CCS Paper Part #2: Password Entropy

This is part #2 in a (mumble, cough, mumble) part serious of posts discussing the results published in the paper I co-authored on the effectiveness of passwords security metrics. Part #1 can be found here.

I received a lot of insightful comments on the paper since my last post, (one of the benefits of having a slow update schedule), and one thing that stands out is people really like the idea of password entropy. Here’s a good example:

“As to entropy, I think it would actually be a good measure of password complexity, but unfortunately there's no way to compute it directly. We would need a password database comparable in size (or preferably much larger than) the entire password space in order to be able to do that.

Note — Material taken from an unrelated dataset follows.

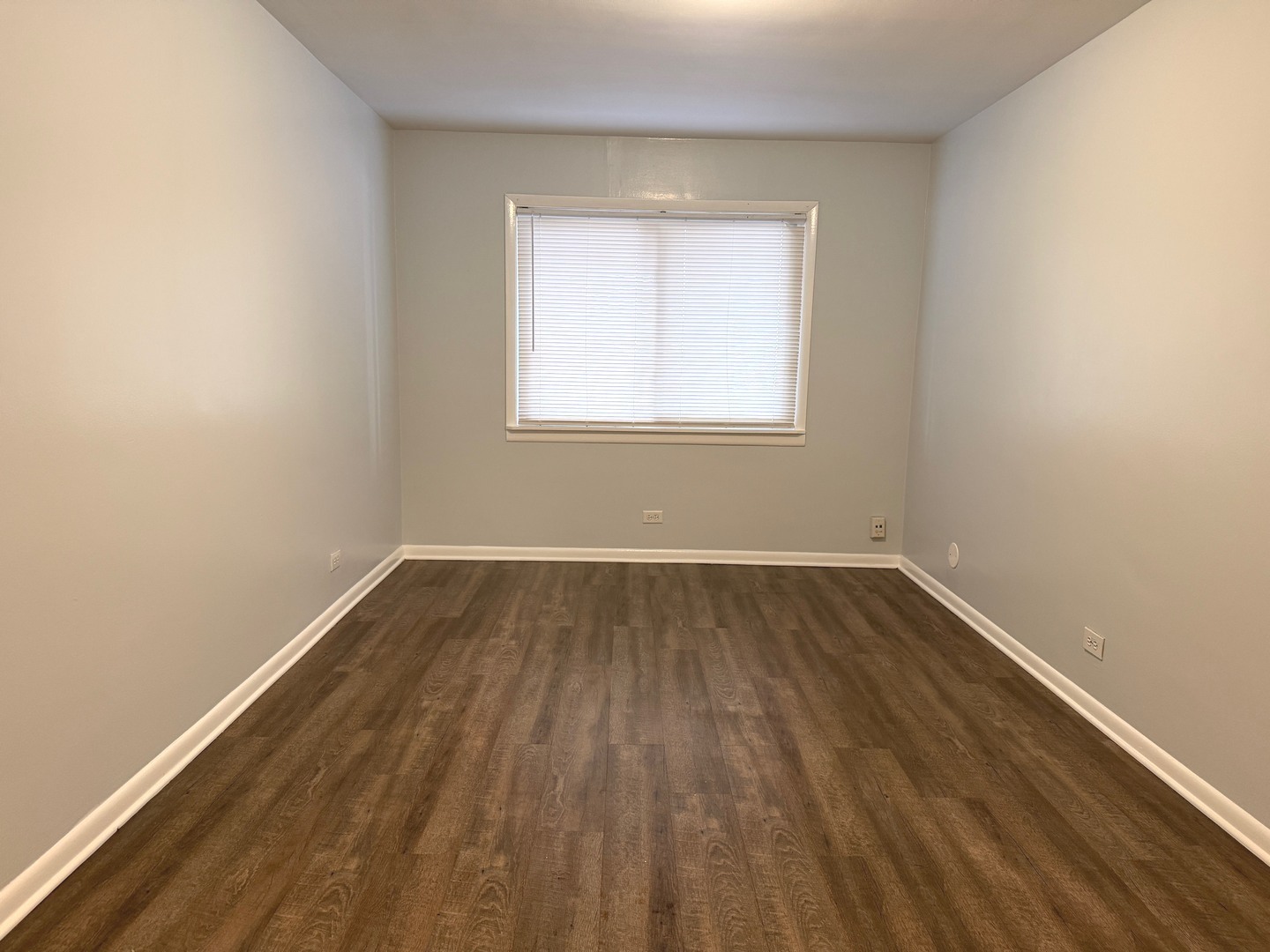 1110 W 18th Street #1E, Broadview, IL 60155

Since we can't possibly have that (there are not that many passwords in the world), we can't compute the entropy - we can only try to estimate it in various ways (likely poor)”

First of all I want to thank everyone for their input and support as I really appreciate it. This is one of the few cases though where I’m going to have to disagree with most of you. In fact, as conceited as it sounds, my main takeaway has been that I've done a poor job of making my argument, (or I’m wrong which is always a possibility). So the end result is another post on the exciting topic of password entropy ;)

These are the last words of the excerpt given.